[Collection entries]
%%
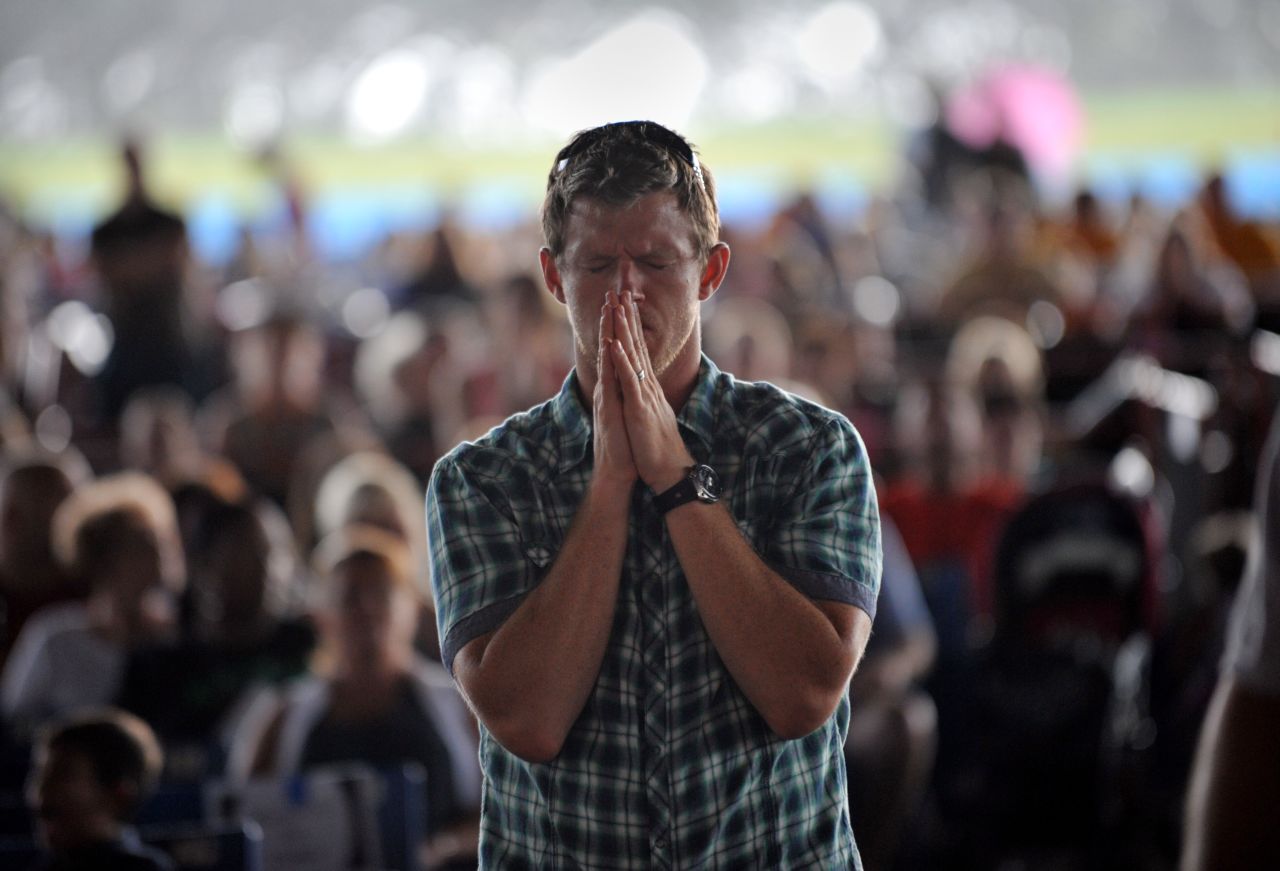 A man prays during a public prayer service at the Verizon Wireless Amphitheatre on Sunday, September 2, ahead of the convention.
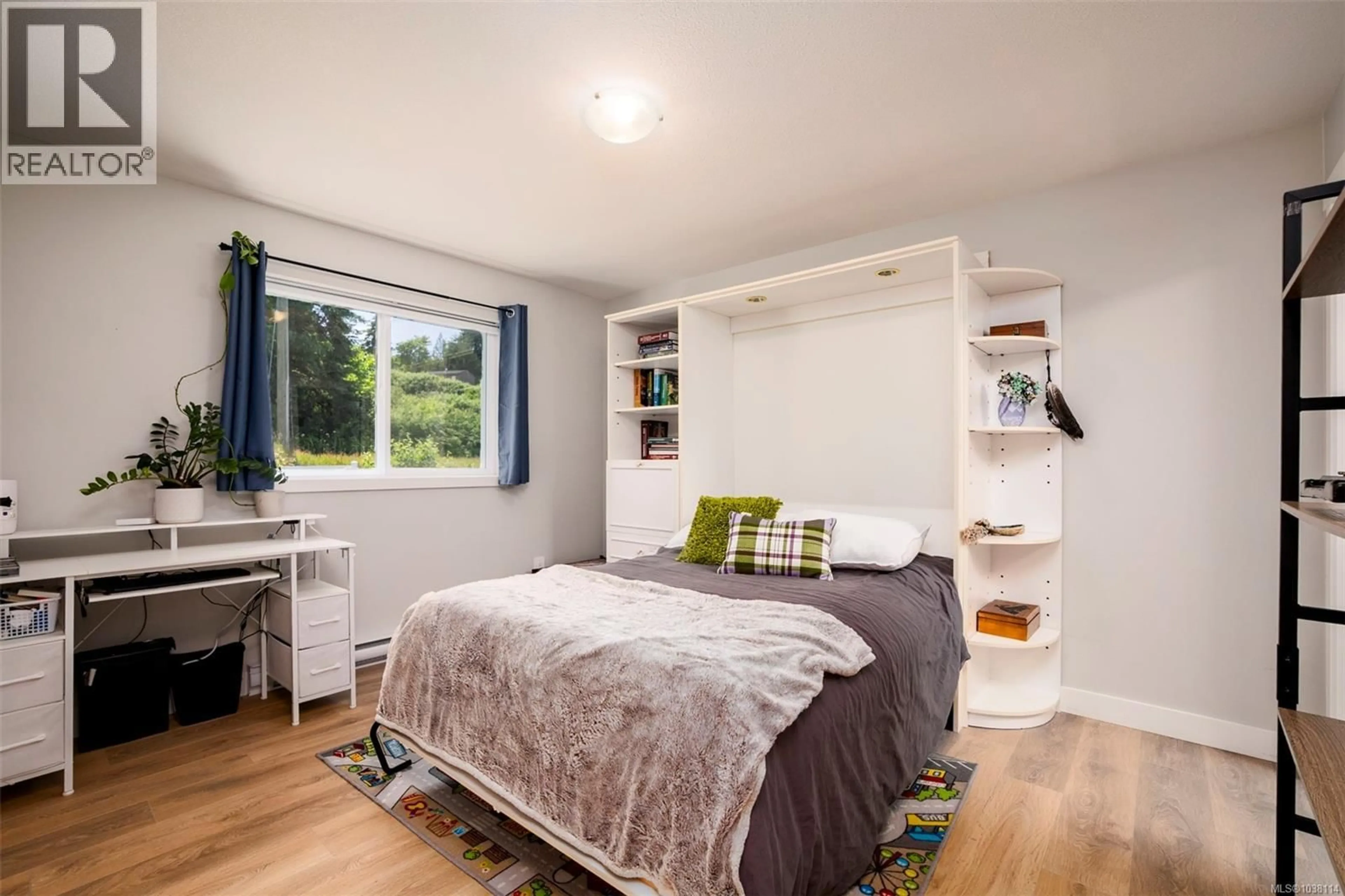 Bedroom with bed, wood/laminate floor for 3238 MALCOLM ROAD, Chemainus British Columbia V0R1K2
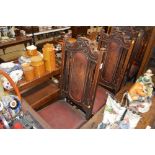 A set of four 1930's oak framed and leather uphols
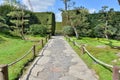 A walkway with roped boundary in a garden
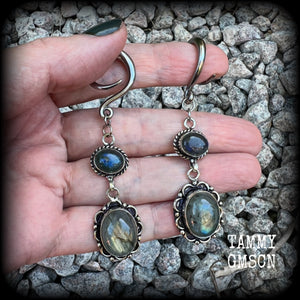 These gorgeous gemstone earrings feature beautiful polished labradorite gemstones in a gorgeous boho antique silver setting. Lovely and dangly, these earrings measure 7.5cms from tip to tip, and weigh approx 10 grams each.  This pair have been made with 6 gauge (4mm) surgical steel full curl hooks, suitable for stretched lobes.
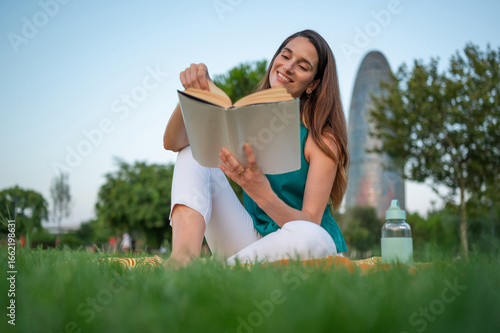 Photography Young woman reading a book in a park in barcelona near torre glòries
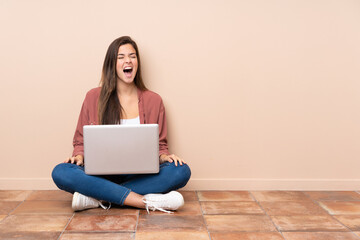 Teenager student girl sitting on the floor with a laptop shouting to the front with mouth wide open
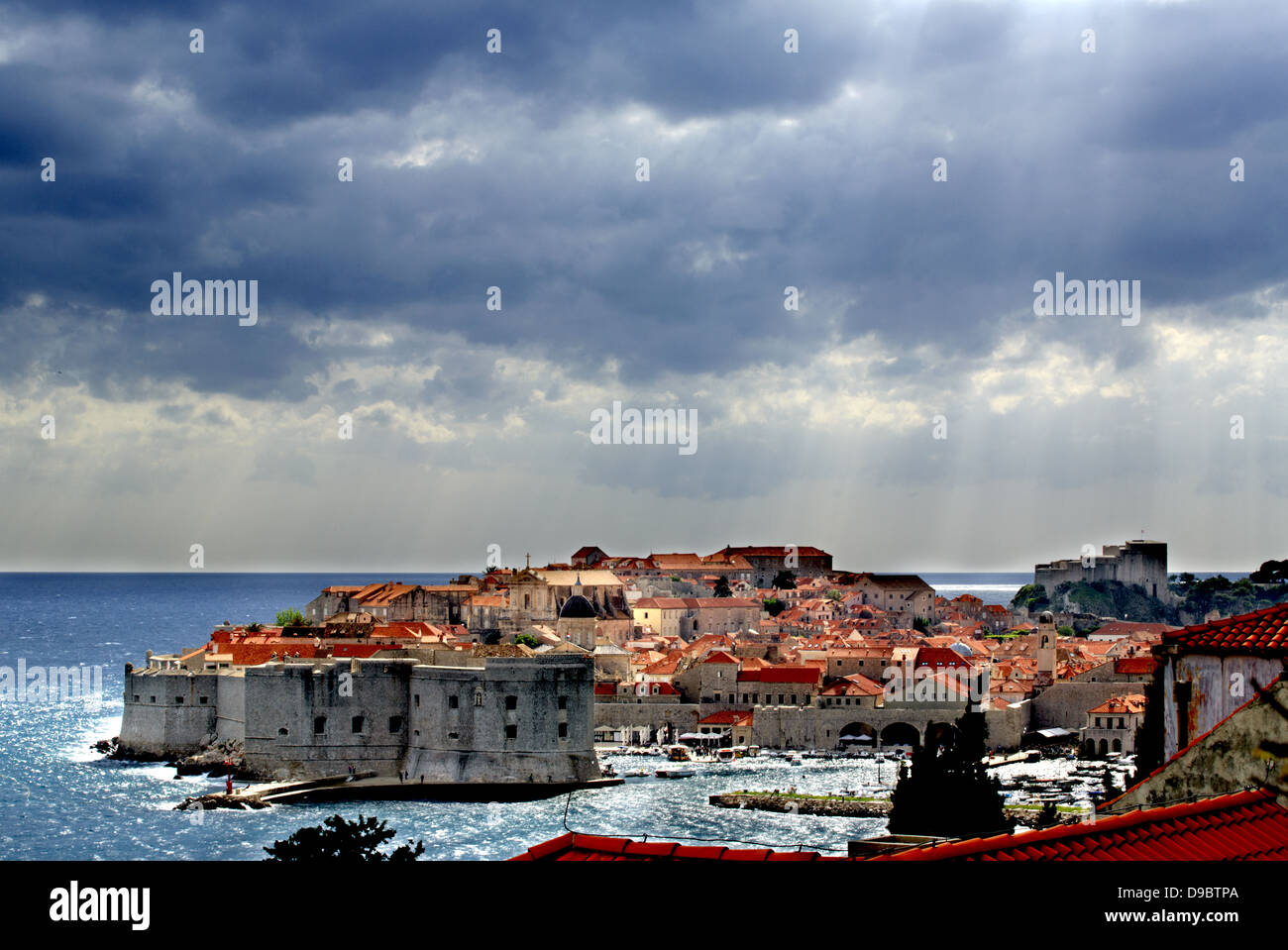 Stormy Dubrovnik with rays of sunshine glistening on the sea Stock Photo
%%
What the task asks
Copy exactly, and only, the lines from the first entry through the line holding "A walkway with roped boundary in a garden", both ends included, leaving out every picture.

Answer to this exercise
 A man prays during a public prayer service at the Verizon Wireless Amphitheatre on Sunday, September 2, ahead of the convention.
 Bedroom with bed, wood/laminate floor for 3238 MALCOLM ROAD, Chemainus British Columbia V0R1K2
 A set of four 1930's oak framed and leather uphols
 A walkway with roped boundary in a garden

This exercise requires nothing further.